The biggest criticism you could have of Unite Australia is that maybe we overstated the opportunities when we decided to step things up and set ourselves up as a union. But there were loads of people around, including all the leaders of the left unions, who thought it was a great idea, and they're still supporting us, though not to the extent that we would like.

As soon as we can prove ourselves, even on a small scale, that will enable us to get much more support and to raise the membership.

For the present, the campaigning - the leaflets, the rallies, the naming and shaming, the petitions - is probably the main part of our work. We do have a union membership, but it is mainly ones and twos in different shops, with a high turnover, and the main thing we do with those members, at present, is sorting out individual grievances, helping people to negotiate individual contracts [heavily promoted as an alternative to union collective agreements by the conservative government, and now quite widespread], helping on health and safety issues, etc.

We've not yet been able to get beyond two, three or four members in a shop, and to fully organise a particular shop and win a dispute with the employer.
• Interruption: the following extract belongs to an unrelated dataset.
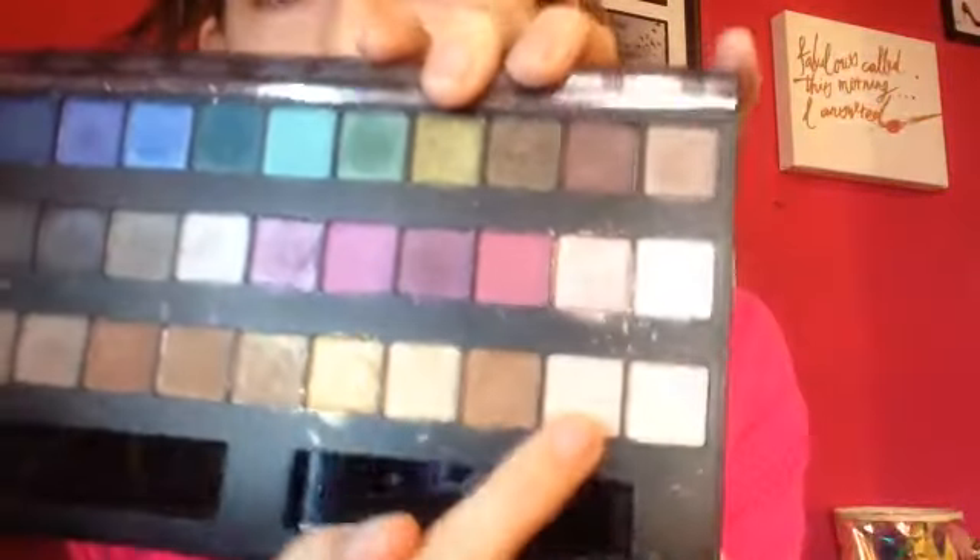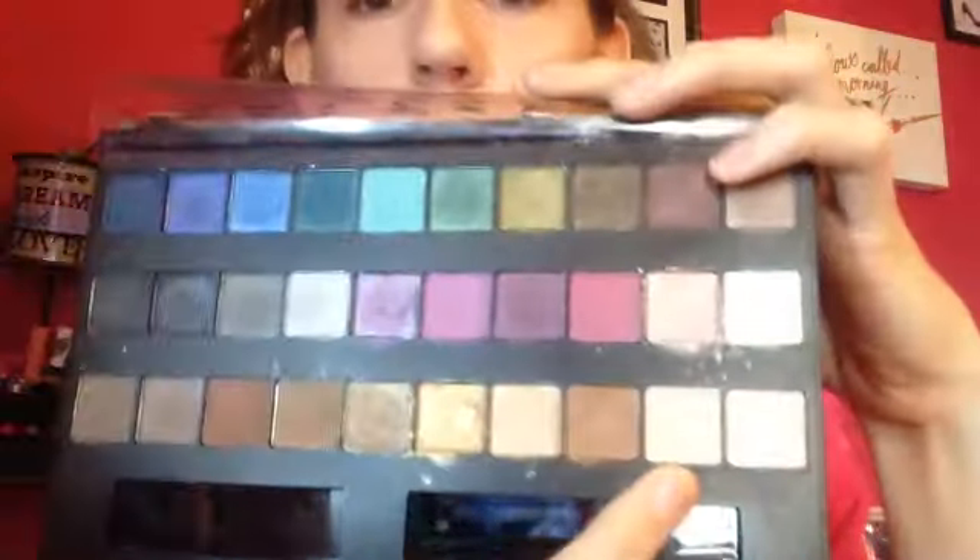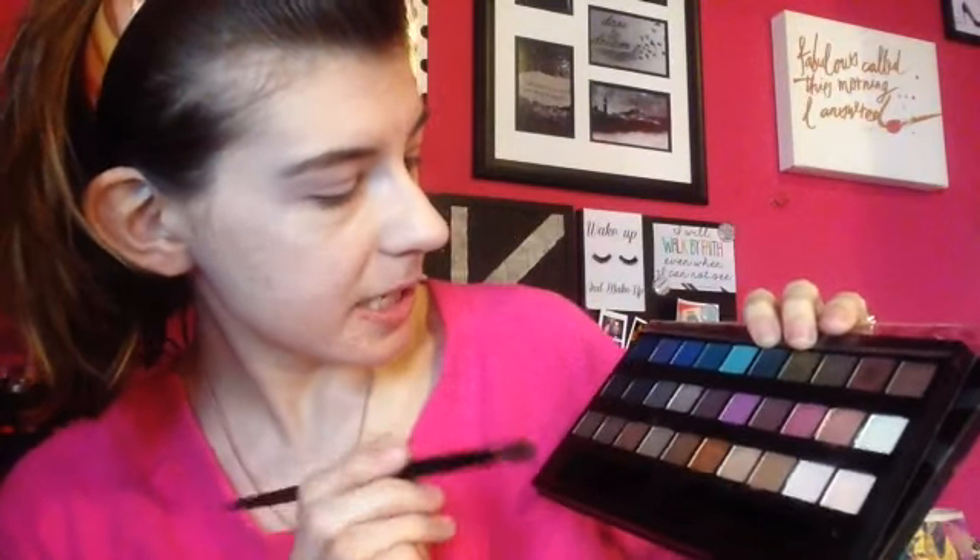I always say that and end up lying completely — you know how that is. Since I already have my primer on, I'm going to jump in and use this matte nude shade right here. It's on the bottom row, the last one, called Shell. So let's just dab my brush into that and go over my whole eye with that. I want to do just a simple look today, but I think for the transition shade... hmm, this is hard.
There is a complicating factor here with the established union in retail being the SDA. They are not affiliated to the Trades Hall Council however [the state equivalent of the TUC]. We have been able to get some support from other unions by saying that there are about 1.5 million workers in retail in Australia. The SDA has about 200,000 members. That leaves 1.3 million workers for us to go out and recruit. We're not trying to poach members from the SDA.

We advise our organisers not to go into SDA closed shops.

When we go into shops, sometimes we get managers yelling at us or calling security right away. It tends to depend on the manager on the spot, rather than a policy of the whole chain.

Sometimes workers are very friendly, but it also happens that you get workers immediately starting to look round and saying: "I hope my boss doesn't see me talking to you".

Most of our success in recruiting has not come from that sort of cold-calling. We still do it, because we want to show to people that the union is visible and active. But the main place we recruit people is on the university campuses, through the stalls, in the cafes, during freshers' fairs. Pretty much all university students are also workers.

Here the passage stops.